I think Occam's Razor makes sense only if you take into account abstractions (note: O.R. itself is still a rule of thumb regardless). Occam's Razor doesn't make sense if you think about all the extra stuff an explanation invokes - partially because that body of knowledge grows as we learn more, and good ideas become more consistent with the population of other ideas over time.
When people think of short code they think of doing complex stuff with a few lines of code. e.g. cat asdf.log | cut -d ',' -f 3 | sort | uniq
. When people think of (good) short ideas they think of ideas which are made of a few well-established concepts that are widely accessible and easy to talk about. e.g. we have seasons because energy from sunlight fluctuates ~sinusoidally through our annual orbit.
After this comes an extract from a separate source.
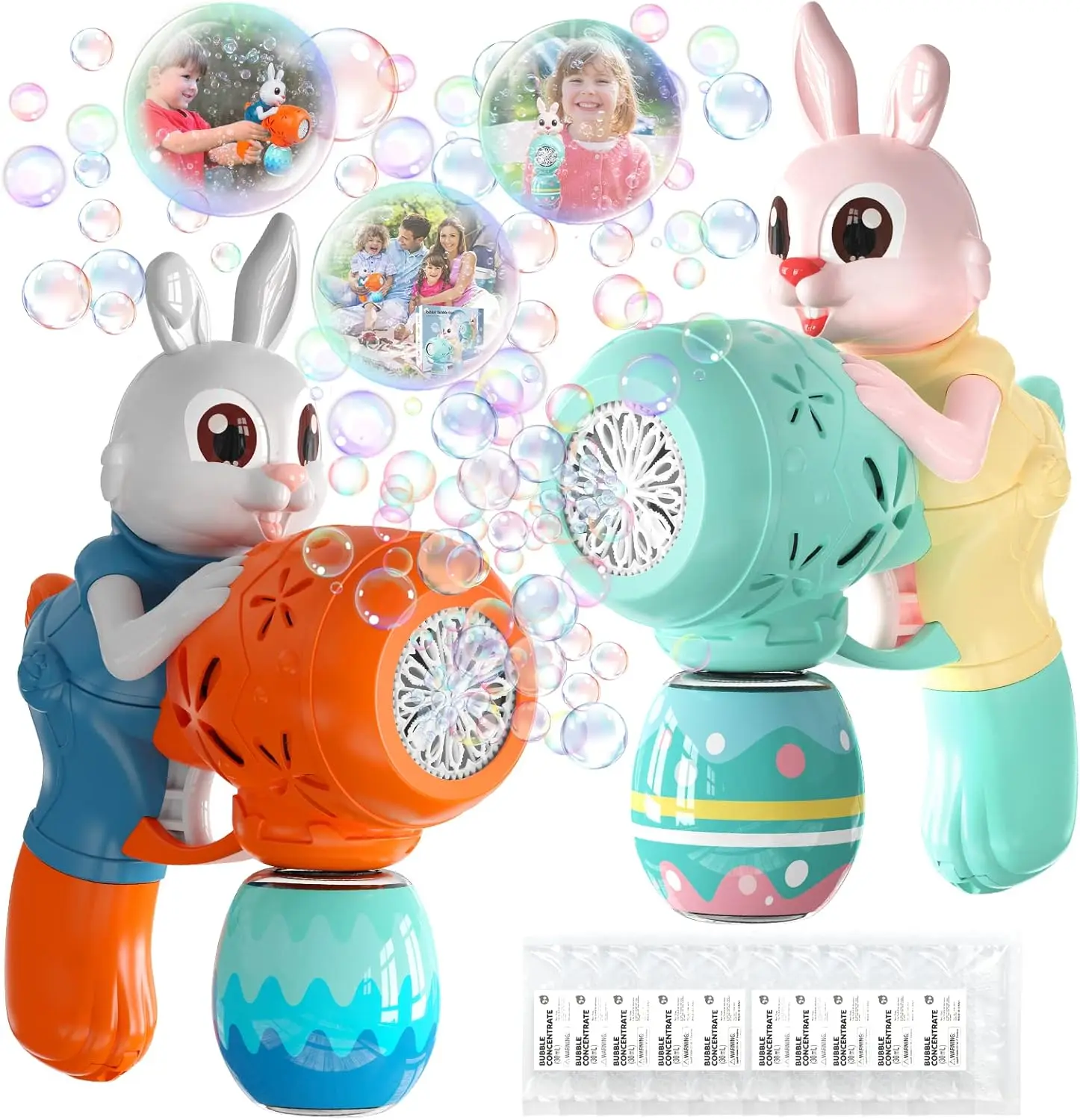 Rabbit Bubble Machine for Kids, 2-Pack with 10 Solutions, Outdoor Toy Gift for Ages 3-8 Boys and Girls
One of the ways SI can use abstraction is via the abstraction being encoded in both the program, program inputs, and the observation data.
(I think) SI uses an arbitrary alphabet of instructions (for both programs and data), so you can design particular abstractions into your SI instruction/data language. Of course the program would be a bit useless for any other problem than the one you designed it for, in this case.
Is there literature arguing that code and English brevity usually or always correspond to each other?
I don't know of any.
If not, then most of our reasons for accepting Occam’s Razor wouldn’t apply to SI.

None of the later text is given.